Target Pembangunan dan Pengelolaan
Menteri Kelautan dan Perikanan, Sakti Wahyu Trenggono, menjelaskan bahwa saat ini telah dibangun 100 titik Kampung Nelayan Merah Putih. Dari jumlah tersebut, 65 titik berada pada tahap pertama dan 35 titik pada tahap kedua. Semua pembangunan ini ditargetkan selesai pada akhir Mei 2026. Selain aspek fisik, pemerintah juga memberikan perhatian serius pada pengelolaan dan penguatan kapasitas sumber daya manusia di kampung nelayan tersebut.
"Kemudian pengawakan dari Kampung Nelayan, kan penting juga. Itu salah satu yang kita bahas dengan Bapak Presiden," ujar Sakti dalam keterangannya kepada media usai rapat.

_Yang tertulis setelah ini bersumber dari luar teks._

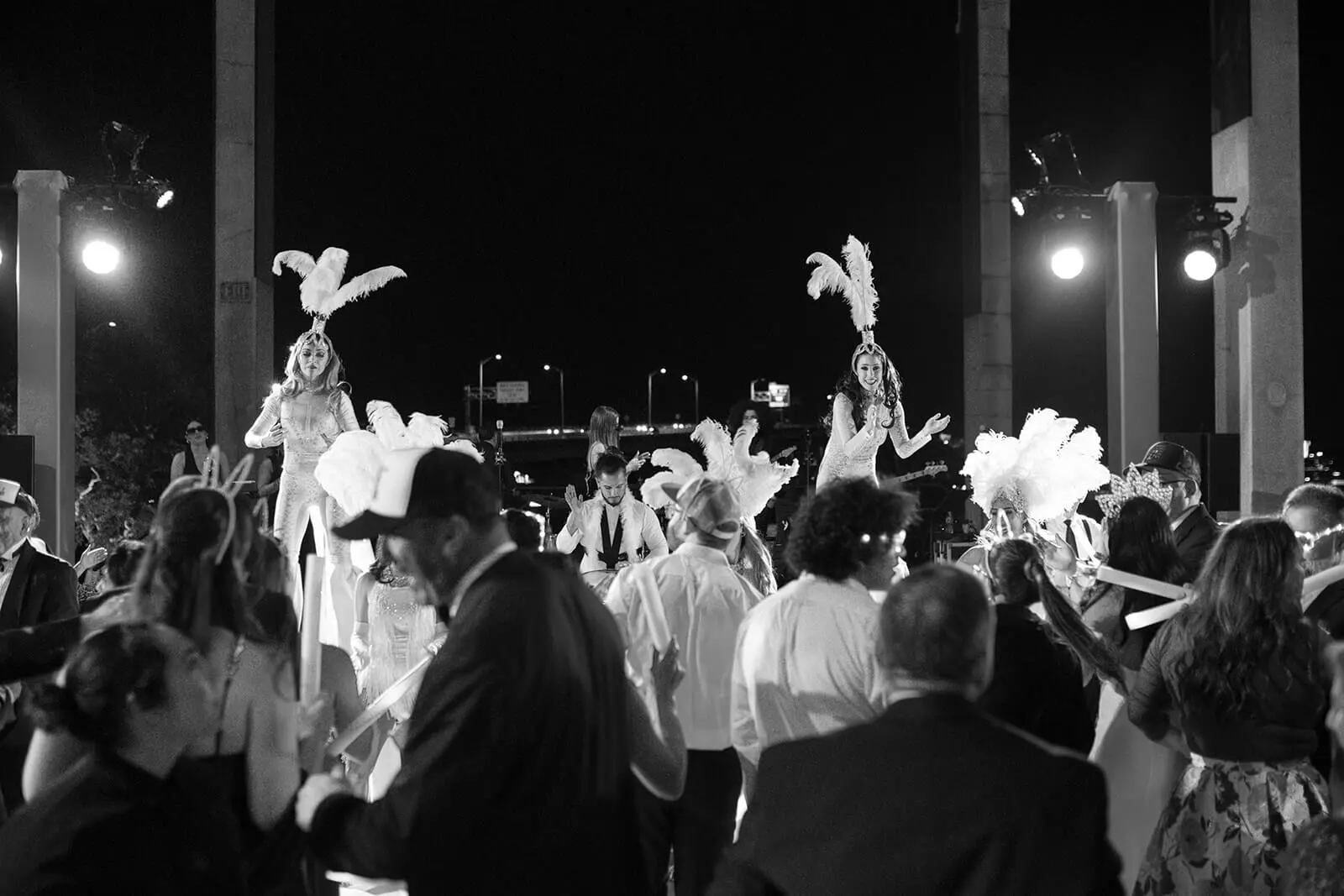 Hora loca show miami wedding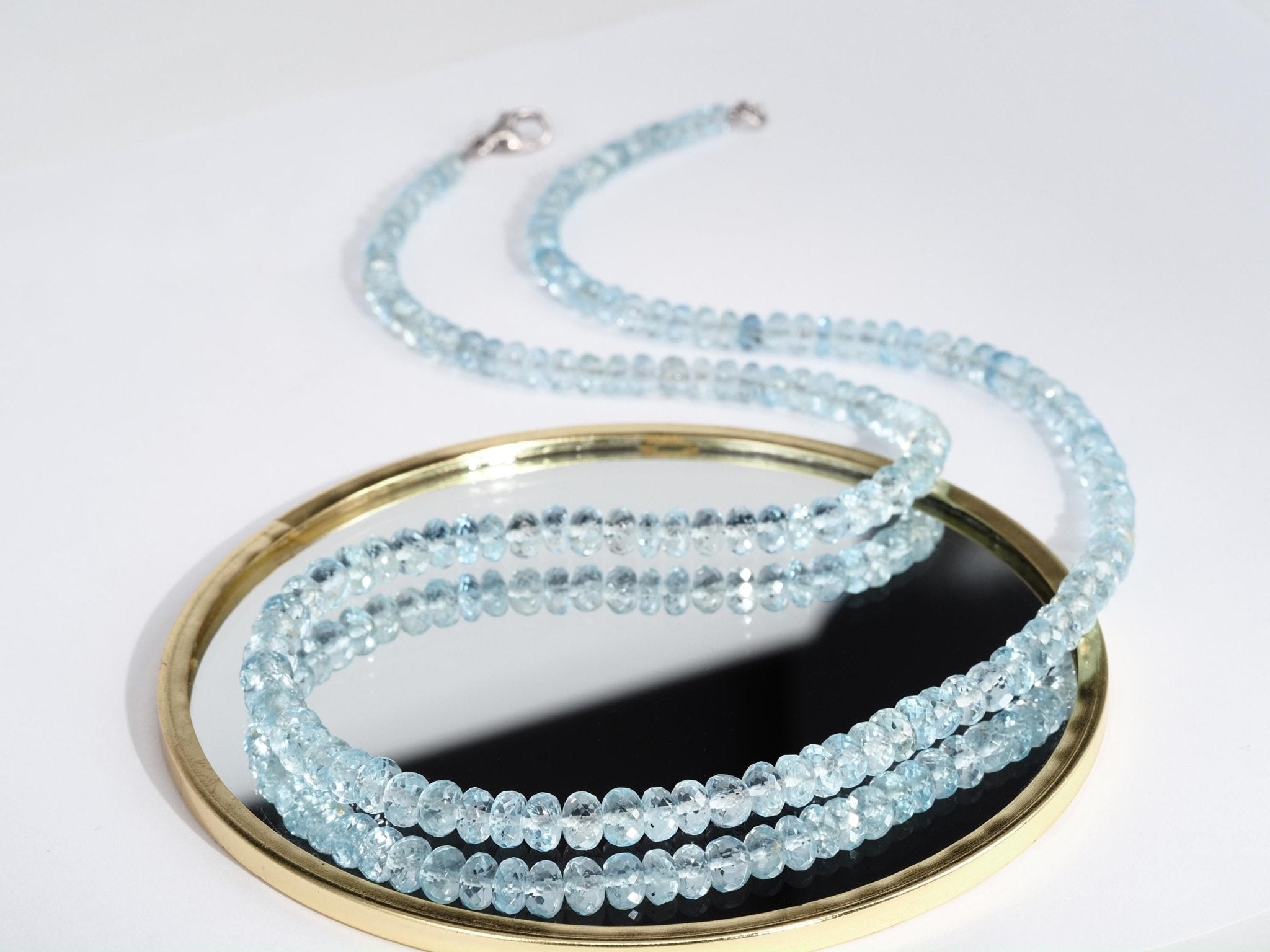 Aquamarin Halskette – brillant facettiert, leuchtend hellblau, höchste Qualität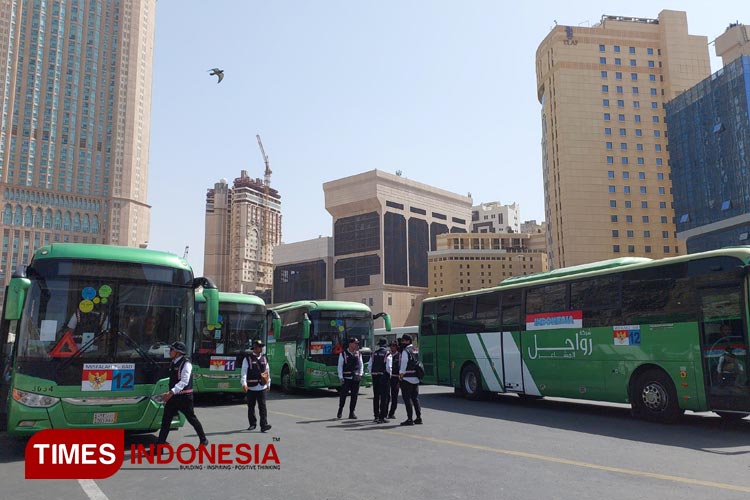 Jemaah haji dari hotel ke Masjidil Haram dan sebaliknya, dilayani bus shalawat. Tapi, ada rute yang dipakai semua negara. (Foto: MCH 2023)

Rencana Pembangunan 1.000 Titik Baru
Ke depan, pemerintah telah menyiapkan pembangunan lanjutan sebanyak 1.000 Kampung Nelayan Merah Putih yang akan dilaksanakan secara paralel sepanjang tahun 2026. Program ini akan difokuskan pada wilayah Indonesia Timur untuk mendorong pemerataan pembangunan dan kesejahteraan nelayan di daerah tersebut.
"Program tersebut akan difokuskan pada wilayah Indonesia Timur. Yang seribu berikut di tahun 2026 secara paralel kita akan kerjakan dan fokusnya adalah ke Indonesia Timur," tegas Sakti.

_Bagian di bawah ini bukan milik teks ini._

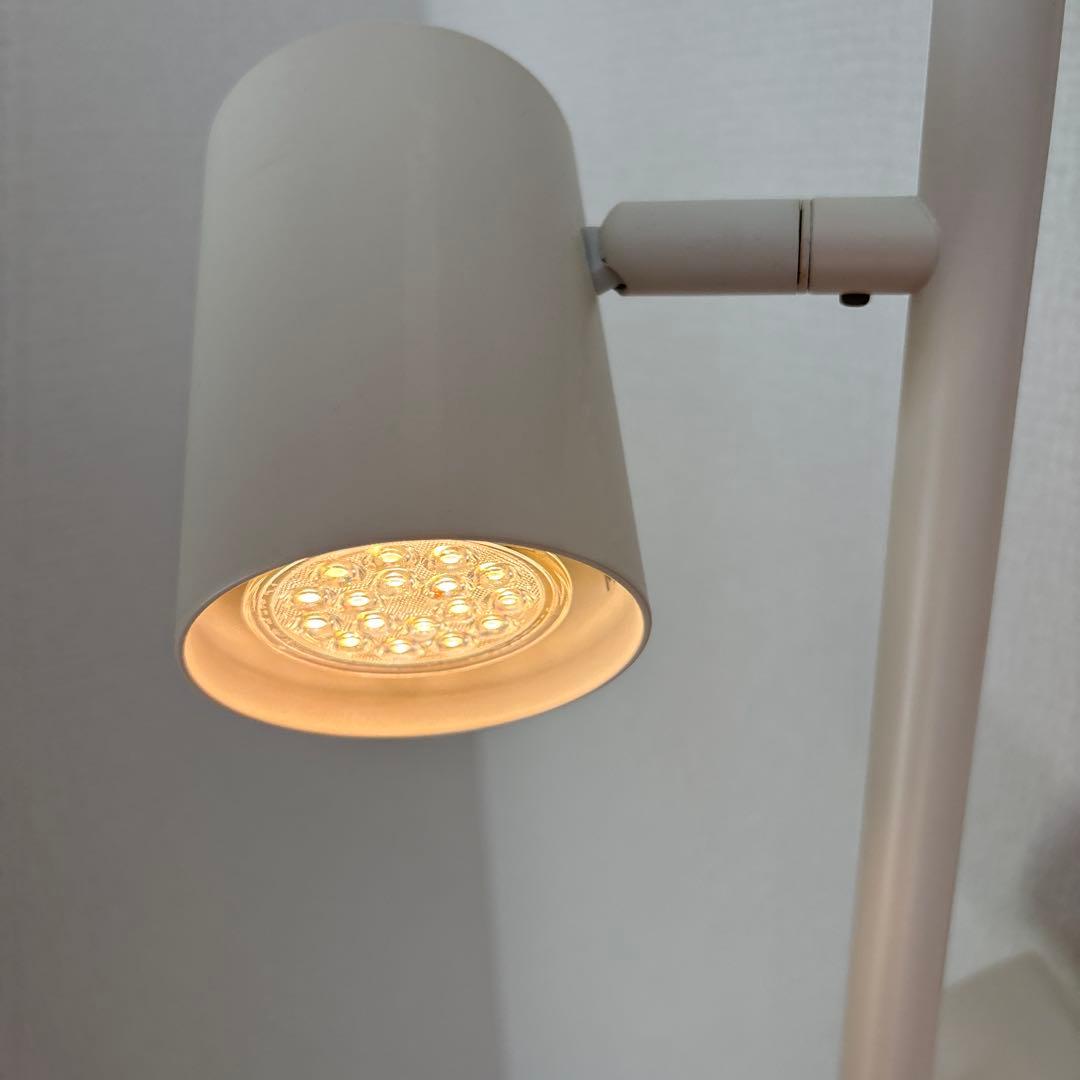 【美品】IKEA NYMÅNE ニーモーネ フロアランプ　ホワイト　LED電球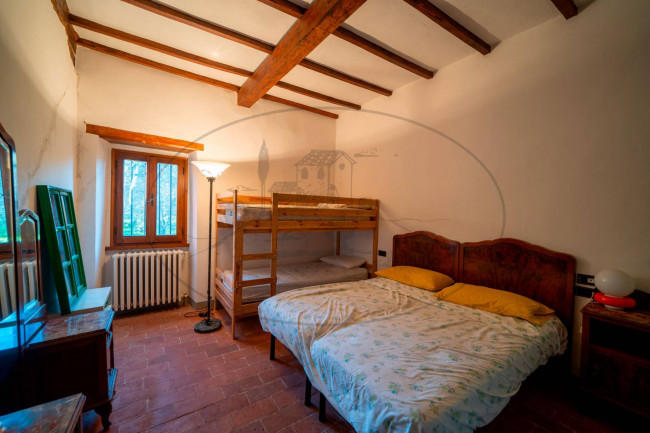 Casa colonica in vendita a Reggello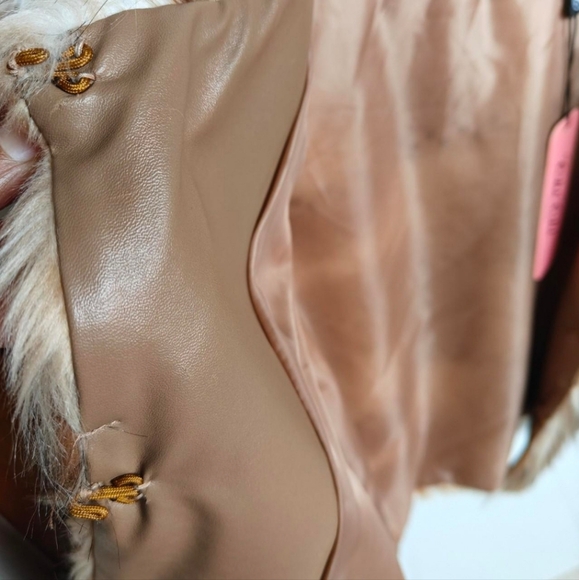 Faux Fur Jacket - Picture 6 of 8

Koordinasi Kerja Sama Pengadaan Kapal
Sakti juga menjelaskan terkait rencana kerja sama pengadaan kapal dengan Pemerintah Inggris yang saat ini masih dalam tahap koordinasi dengan kementerian dan lembaga terkait. Persiapan mencakup analisis galangan kapal di Indonesia yang sanggup dan sesuai dengan kebutuhan. Targetnya, kapal-kapal tersebut harus sudah jadi dalam waktu dua tahun.
Dukungan untuk Program Perumahan Rakyat
Sebelumnya, pada Senin (6/4/2026), Presiden Prabowo juga menggelar rapat terbatas membahas percepatan program perumahan rakyat secara nasional. Menteri Perumahan dan Kawasan Permukiman (PKP), Maruarar Sirait, menegaskan komitmen pemerintah untuk memperluas akses hunian layak, termasuk melalui peningkatan program bedah rumah rakyat.

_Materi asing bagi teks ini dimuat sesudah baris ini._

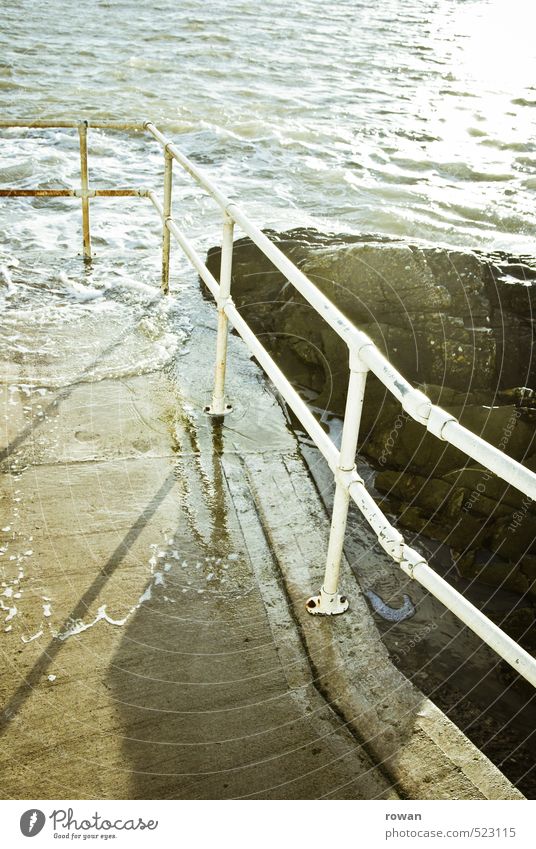 geländer Wellen Küste Seeufer Meer nass Geländer Betonplatte überschwemmt Sonnenstrahlen Schwimmen & Baden Steg Farbfoto Außenaufnahme Menschenleer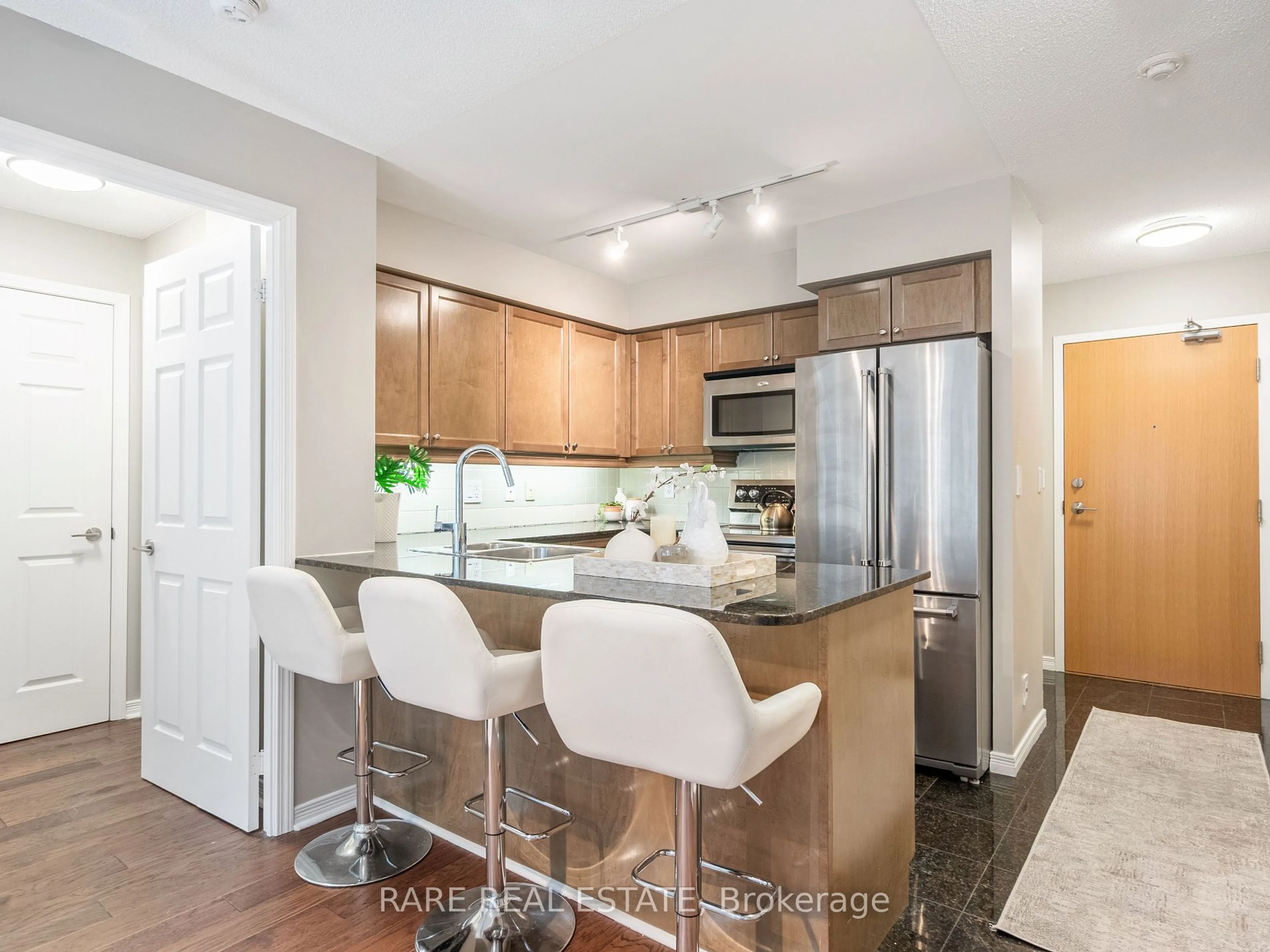 Open concept kitchen, unknown for 736 Spadina Ave #1111, Toronto Ontario M5S 2J6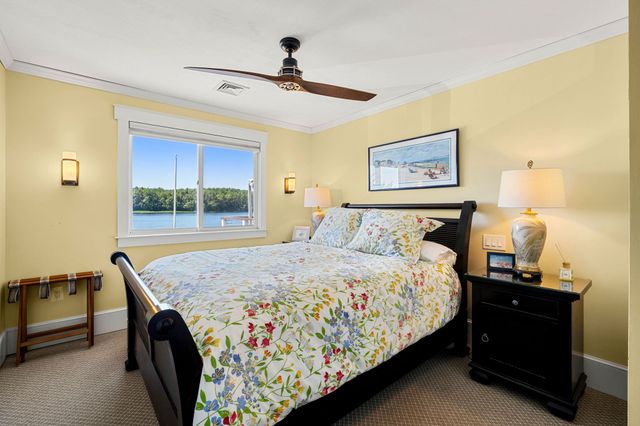 425 Main St, Amesbury, MA 01913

Pemerintah menargetkan renovasi 400 ribu rumah rakyat pada tahun 2026, meningkat signifikan dari tahun sebelumnya. Program ini akan menjangkau semua kabupaten dan kota di Indonesia, dengan harapan dapat menggerakkan ekonomi dan menciptakan keadilan sosial.
Optimalisasi Lahan untuk Hunian
Presiden Prabowo memberikan arahan agar pemanfaatan lahan negara, khususnya di kawasan strategis perkotaan, dioptimalkan untuk pembangunan rumah susun. Lahan milik Badan Usaha Milik Negara (BUMN), termasuk sektor perkeretaapian, turut diprioritaskan untuk mendukung kebutuhan hunian masyarakat.
"Jadi bagaimana lahan-lahan negara ini bisa dikelola untuk perumahan rakyat. Nanti dikombinasi juga untuk masyarakat berpenghasilan rendah, juga yang menengah, supaya ada kombinasi," kata Ara, sapaan akrab Maruarar Sirait.
Pemanfaatan lahan ini tidak hanya terbatas di Jakarta, tetapi juga meluas ke sejumlah wilayah lain seperti Bandung. Pemerintah telah mengidentifikasi lahan potensial, dan pembangunan telah dimulai di beberapa lokasi, misalnya di kawasan Senen, Jakarta, dengan target selesai pada 15 Juni 2026.
Presiden juga mengarahkan Menteri Agraria dan Tata Ruang/Kepala BPN, Nusron Wahid, untuk mempercepat penyediaan lahan, dengan sinergi pembiayaan dan pembangunan yang masif.